What you have to do: No picture belongs in the answer, which must hold exactly the lines from the one with "Woolrich Awning Striped" through the final line below.

Extracted information Block Start

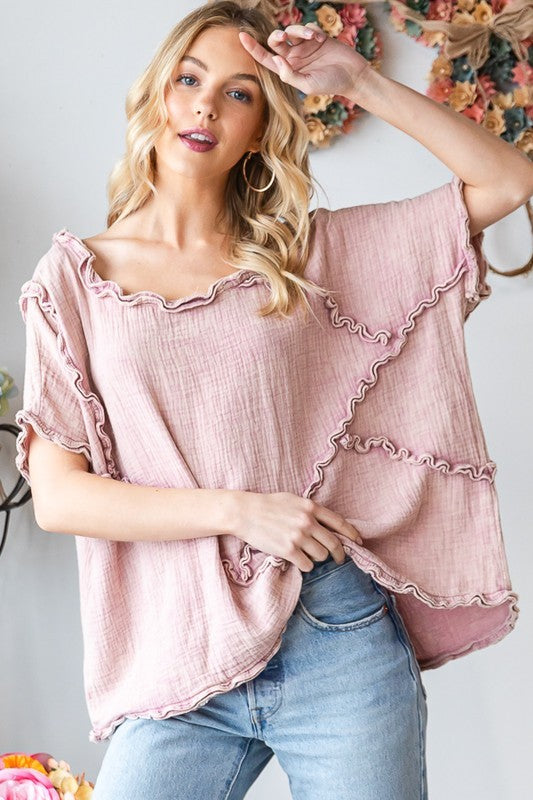 Washed Double Gauze Top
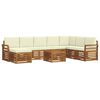 vidaXL Ensemble de canap&eacute;s d'ext&eacute;rieur 9 pc Naturel et Cr&egrave;me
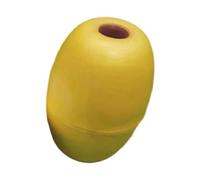 MotiveTech Bouée de Lancer Olive Flottante Marqueur de Ligne Flottant Pièce d'attache PVC Résistante pour Piscine Kayak Sports Nautiques Pêche, Jaune
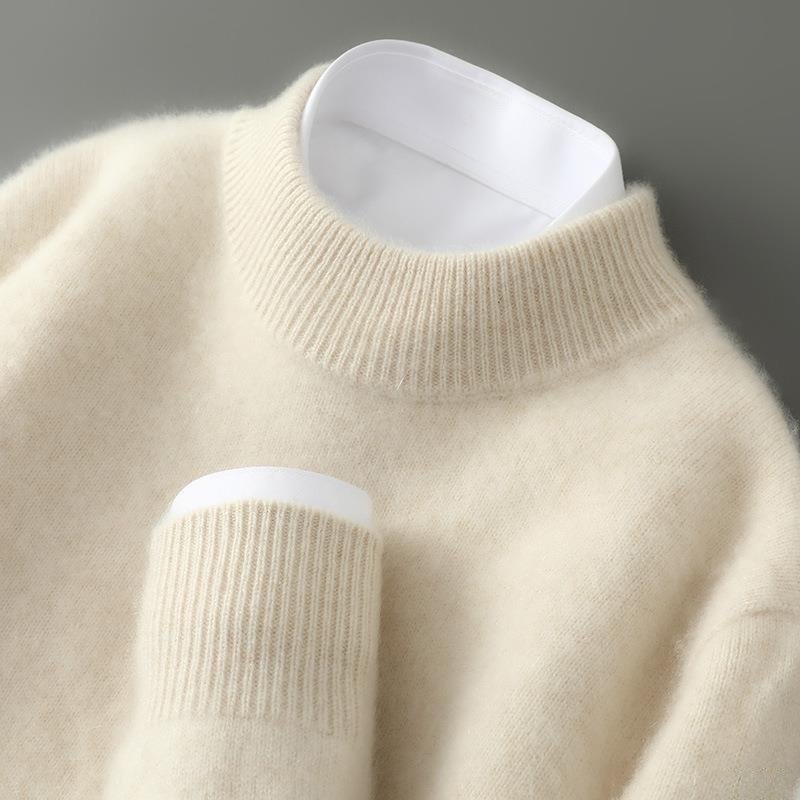 Men's Knit Sweater | Crew Neck & Ribbed Trim 2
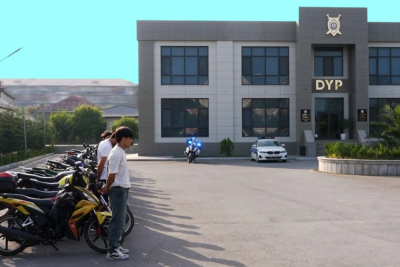 Sumqayıtda qaydaları pozan 22 motosiklet sürücüsü saxlanıldı
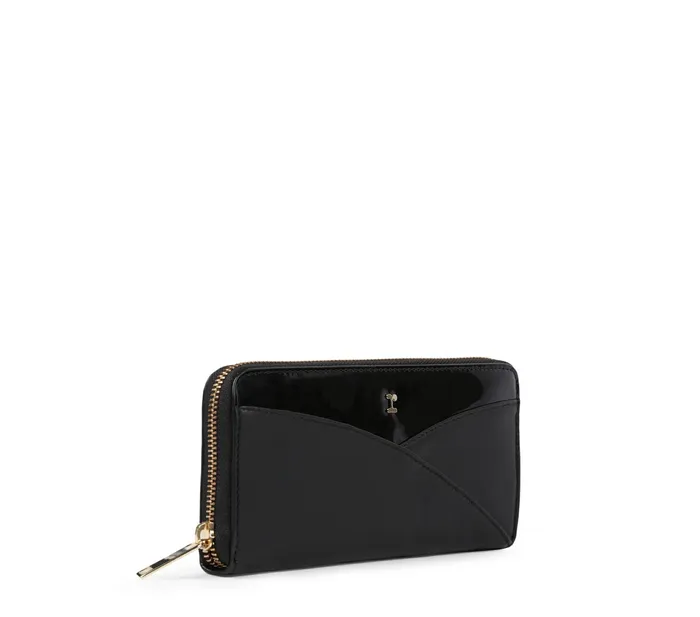 Repetto Womens Small Leather Goods Zippered Wallet Black Near Me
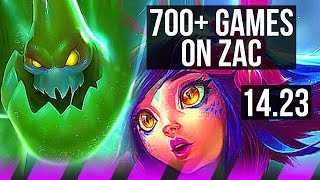 ZAC amp Miss Fortune vs NEEKO amp Varus SUP  700 games  KR Challenger  1423 [upl. by Ahsimrac]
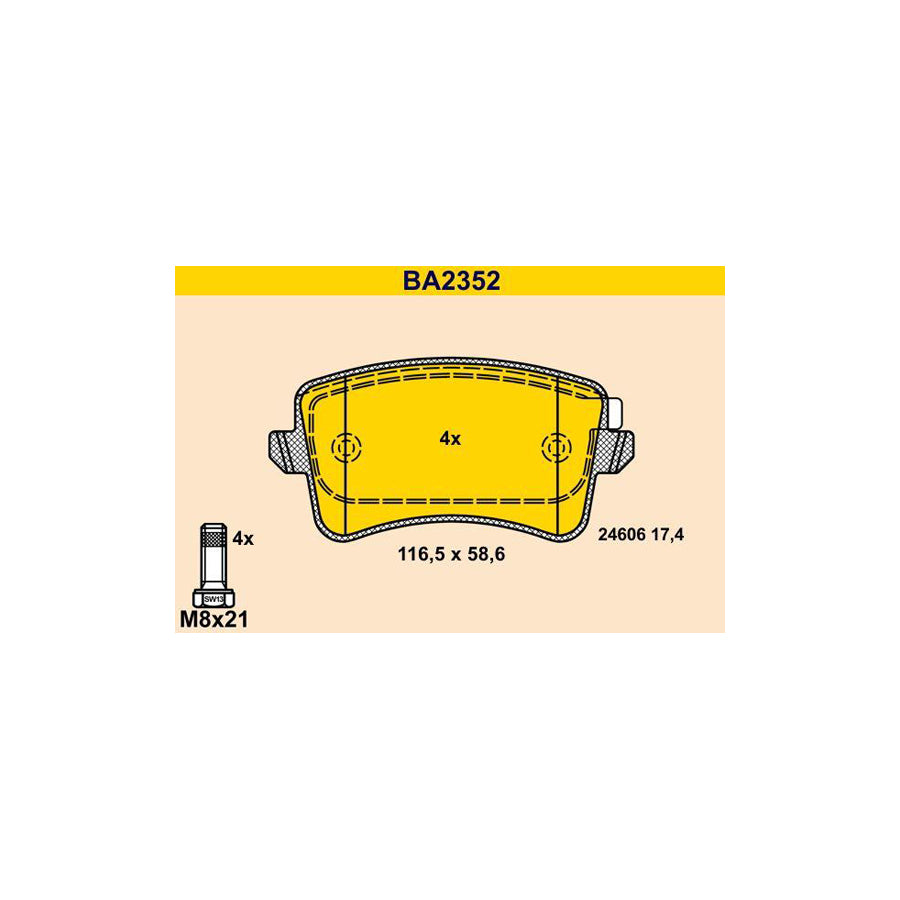 Barum Ba2352 Brake Pad Set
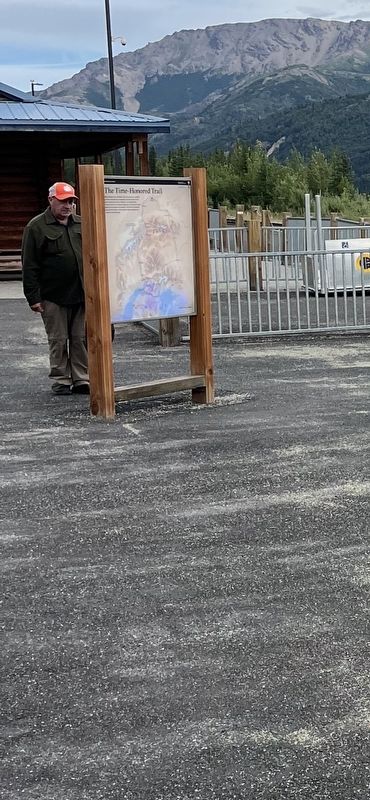 The Time - Honored Trail Marker. Click for full size. The Time - Honored Trail Marker image. Click for full size.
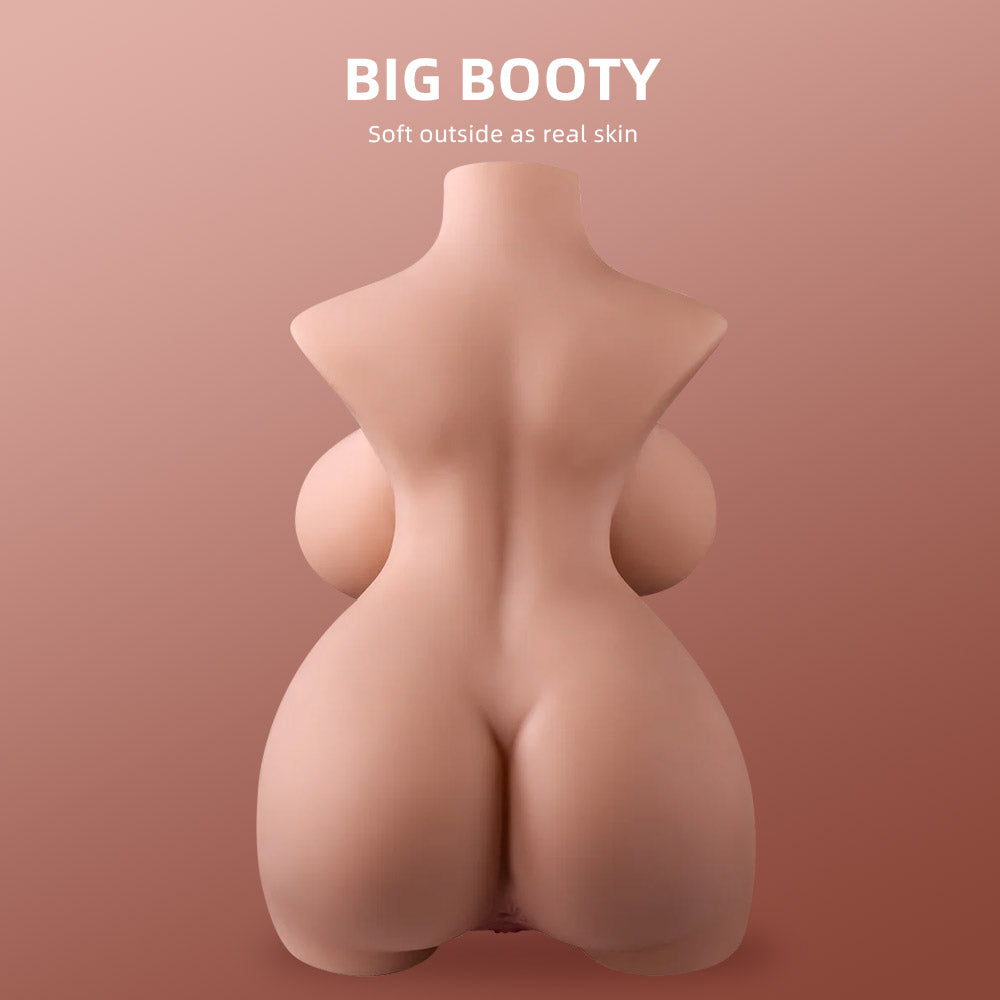 6.61lb Big Boobs Mini Best Cheap BBW Sex Doll Torso|QSX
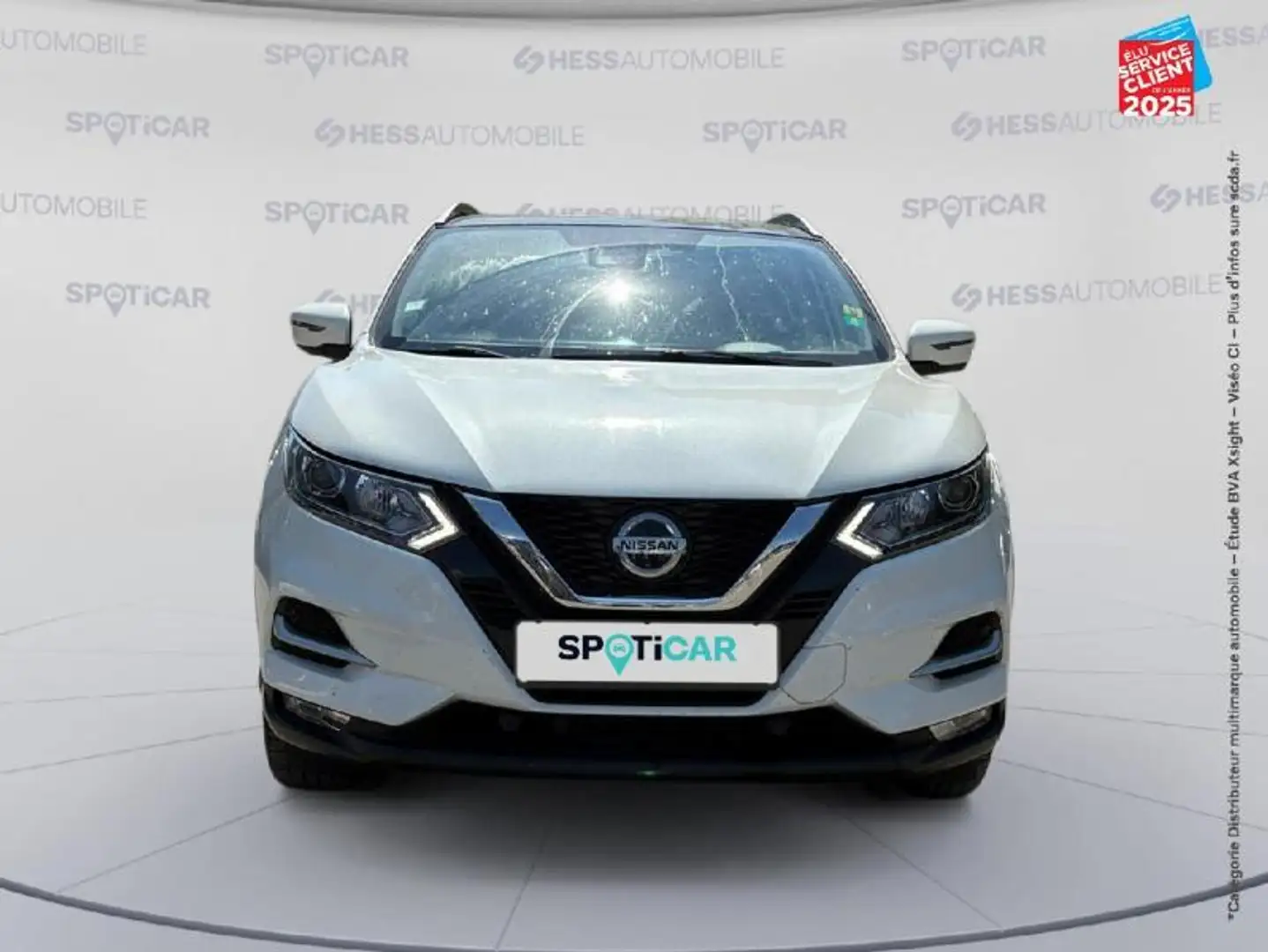 Nissan Qashqai 1.3 DIG-T 140ch N-Connecta Euro6d-T Blanc - 2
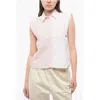 Woolrich Awning Striped Sleeveless Shirt With Breast-pocket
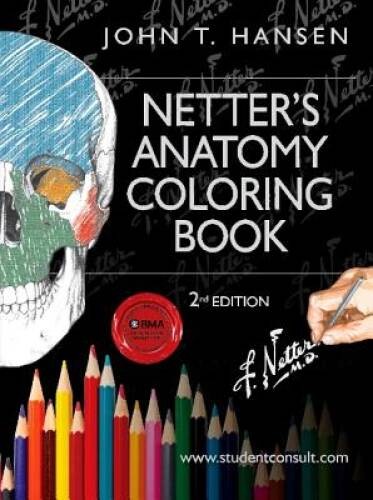 Netter’s Anatomy Coloring Book: with Student Consult Access, 2e (Ne – ACCEPTABLE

Extracted information Block End

Result of the exercise:
 Woolrich Awning Striped Sleeveless Shirt With Breast-pocket
 Netter’s Anatomy Coloring Book: with Student Consult Access, 2e (Ne – ACCEPTABLE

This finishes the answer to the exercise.